Project description:1. Mitochondrial and microsomal fractions were prepared from rat parotid glands. Both fractions were able to take up (45)Ca. The mitochondrial (45)Ca-uptake system could be driven by ATP (energy-coupled Ca(2+) uptake) or by ADP+succinate (respiration-coupled Ca(2+) uptake). Energy-coupled Ca(2+) uptake was blocked by oligomycin but not by carbonyl cyanide m-chlorophenylhydrazone; respiration-coupled Ca(2+) uptake was blocked by carbonyl cyanide m-chlorophenylhydrazone but not by oligomycin.
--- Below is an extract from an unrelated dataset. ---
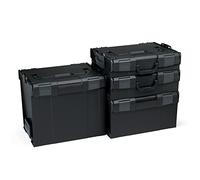 Bosch Sortimo L-BOXX Set de mallettes à outils vides en plastique - Taille 1 à 4 - Noir - Compatible avec L-BOXX Bosch Professional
Microsomal Ca(2+) uptake was dependent on the presence of ATP; the ATP-dependent Ca(2+) uptake was not affected by oligomycin or carbonyl cyanide m-chlorophenylhydrazone. Ca(2+) uptake by both fractions was inhibited by Ni(2+). 2. Incubation of parotid pieces with adrenaline increased the rate of release of amylase and the uptake of (45)Ca. The adrenaline-stimulated release of amylase was not dependent on the presence of extracellular Ca(2+). 3. The effect of adrenaline on the subcellular distribution of (45)Ca in parotid pieces incubated with (45)Ca was studied. In parotid tissue incubated with (45)Ca, both mitochondrial and microsomal fractions contained (45)Ca. Incubation with adrenaline increased the amount of (45)Ca incorporated into the mitochondrial fraction but not the microsomal fraction. In parotid tissue preloaded with (45)Ca subsequent incubation with adrenaline caused a decrease in the amount of (45)Ca found in both the mitochondrial and microsomal fractions. 4. From these data we conclude that the regulation of the cytosolic Ca(2+) concentration in the parotid may involve both mitochondrial and microsomal Ca(2+)-uptake systems. We suggest that the action of adrenaline on the parotid may be to increase the movement of Ca(2+) to the cytosol by increasing the flux of Ca(2+) across mitochondrial, microsomal and plasma membranes.